On 12/21/25 7:56 PM, Li Wang wrote:
On Mon, Dec 22, 2025 at 4:30 AM Waiman Long <llong@redhat.com> wrote:

On 12/21/25 7:26 AM, Li Wang wrote:
The hugetlb cgroup usage wait loops in charge_reserved_hugetlb.sh were
unbounded and could hang forever if the expected cgroup file value never
appears (e.g. due to write_to_hugetlbfs in Error mapping).

--- Error log ---
   # uname -r
   6.12.0-xxx.el10.aarch64+64k

   # ls /sys/kernel/mm/hugepages/hugepages-*
   hugepages-16777216kB/  hugepages-2048kB/  hugepages-524288kB/

   #./charge_reserved_hugetlb.sh -cgroup-v2
   # -----------------------------------------
   ...
   # nr hugepages = 10
   # writing cgroup limit: 5368709120
   # writing reseravation limit: 5368709120
   ...
   # write_to_hugetlbfs: Error mapping the file: Cannot allocate memory
   # Waiting for hugetlb memory reservation to reach size 2684354560.
   # 0
   # Waiting for hugetlb memory reservation to reach size 2684354560.
   # 0
   # Waiting for hugetlb memory reservation to reach size 2684354560.
   # 0
   # Waiting for hugetlb memory reservation to reach size 2684354560.
   # 0
   # Waiting for hugetlb memory reservation to reach size 2684354560.
   # 0
   # Waiting for hugetlb memory reservation to reach size 2684354560.
   # 0
   ...

Introduce a small helper, wait_for_file_value(), and use it for:
   - waiting for reservation usage to drop to 0,
   - waiting for reservation usage to reach a given size,
   - waiting for fault usage to reach a given size.

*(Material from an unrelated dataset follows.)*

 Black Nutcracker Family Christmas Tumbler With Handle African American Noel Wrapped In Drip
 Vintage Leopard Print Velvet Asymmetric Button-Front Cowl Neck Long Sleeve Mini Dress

This makes the waits consistent and adds a hard timeout (60 tries with
1s sleep) so the test fails instead of stalling indefinitely.

Signed-off-by: Li Wang <liwang@redhat.com>
Cc: David Hildenbrand <david@kernel.org>
Cc: Mark Brown <broonie@kernel.org>
Cc: Shuah Khan <shuah@kernel.org>
Cc: Waiman Long <longman@redhat.com>
---
  .../selftests/mm/charge_reserved_hugetlb.sh   | 51 +++++++++++--------
  1 file changed, 30 insertions(+), 21 deletions(-)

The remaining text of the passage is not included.